Um ein einheitliches Zugbild zu bieten, entschloss sich die MITROPA zum Ende der dreißiger Jahre einige Speisewagen in der Schürzenwagenoptik zu bestellen. So orderte man 1938 vierzig Speisewagen der Bauart WR4ü-39 in drei Lieferserien, die bei WUMAG in Görlitz und Linke-Hofmann in Breslau in Auftrag gegeben wurden. Es waren also lediglich weitere Bestellungen der Bauart WR4ü-35, die nur äußerlich den Schürzenwagen angepasst wurden. Den neuartigen Konstruktionsprinzipien der Schürzenwagen entsprachen sie nicht. Sie boten 42 Reisenden Platz, die sich auf zwei Großräume verteilten.
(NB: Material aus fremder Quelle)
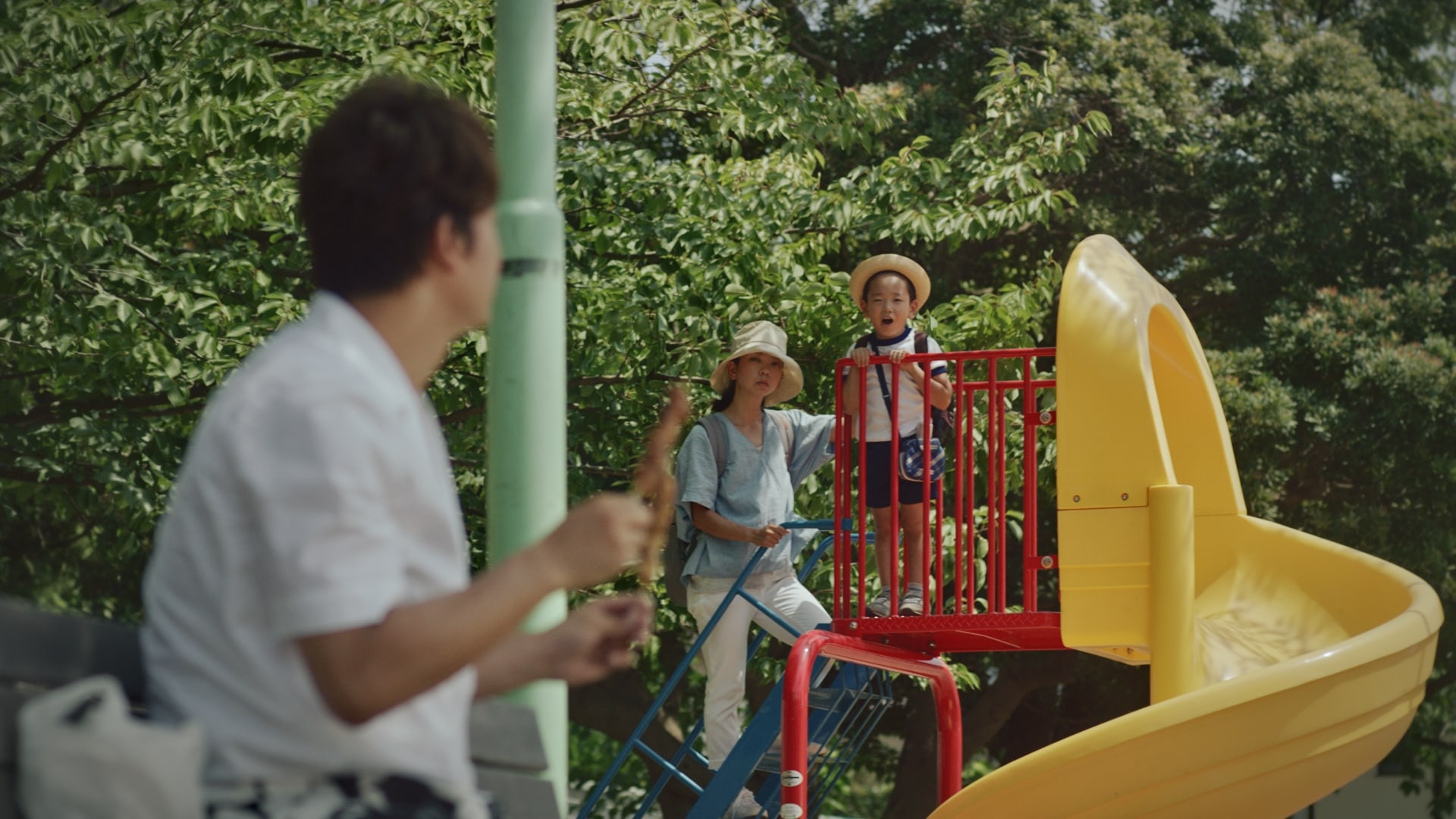 香取慎吾出演、新TVCM「ファミマのあの曲で会話」篇12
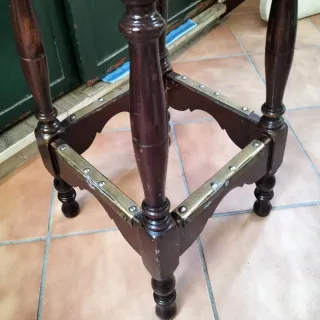 Taburete de madera con asiento rosa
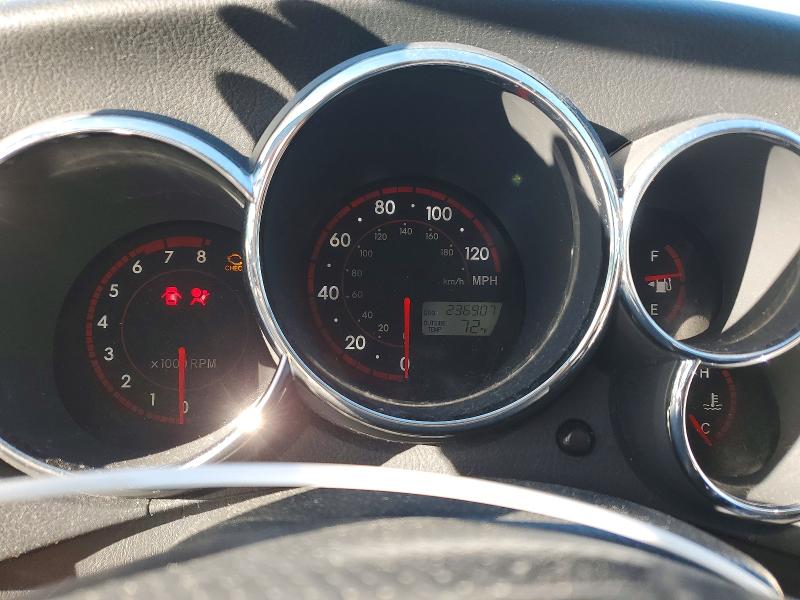 Продаж на аукціоні авто 2005 Toyota Matrix, vin: 2T1KR32E05C477033, номер лоту: 69461216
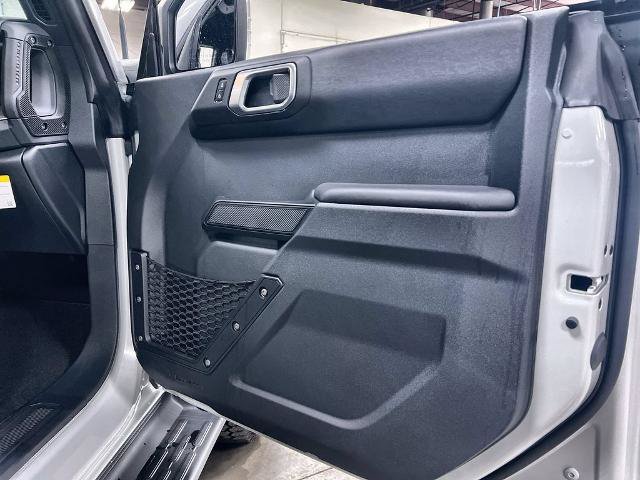 Certified 2026 Ford Bronco Outer Banks w/ Sasquatch Package AWD/4WD image 33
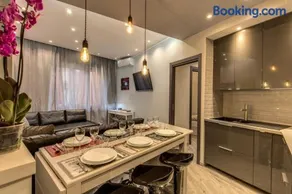 Lux Apartment - Image 2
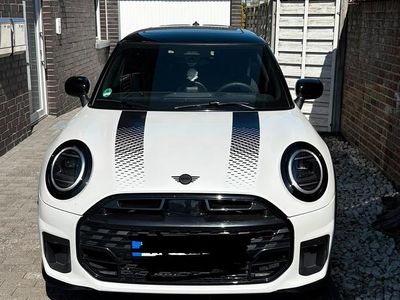 Usata Mini Cooper 114 kW (156 CV) 2025 Bianco Utilitaria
Hinzu kam ein Personalabteil mit zwei Sitzplätzen. Gekocht wurde auf einem Kohleherd, die Belüftung erfolgte mittels Wendler-Lüftern. Die Beheizung war sowohl mittels Dampf- als auch mittels E-Heizung möglich. Als Drehgestelle wurden solche der Bauart Görlitz-III schwer mit vierfacher Federung verwendet. Jedes Drehgestell besaß eine eigene, riemengetriebene Lichtmaschine. Bis 1940 wurden 110 Fahrzeuge in drei Serien bestellt (1148 – 1187, 1188 – 1217 und 1218 – 1257). Von letzterer wurden dann aus den bekannten Gründen bis 1942 nur noch neun Wagen (1218 – 1226) abgeliefert. Danach waren „andere Sachen“ wichtiger.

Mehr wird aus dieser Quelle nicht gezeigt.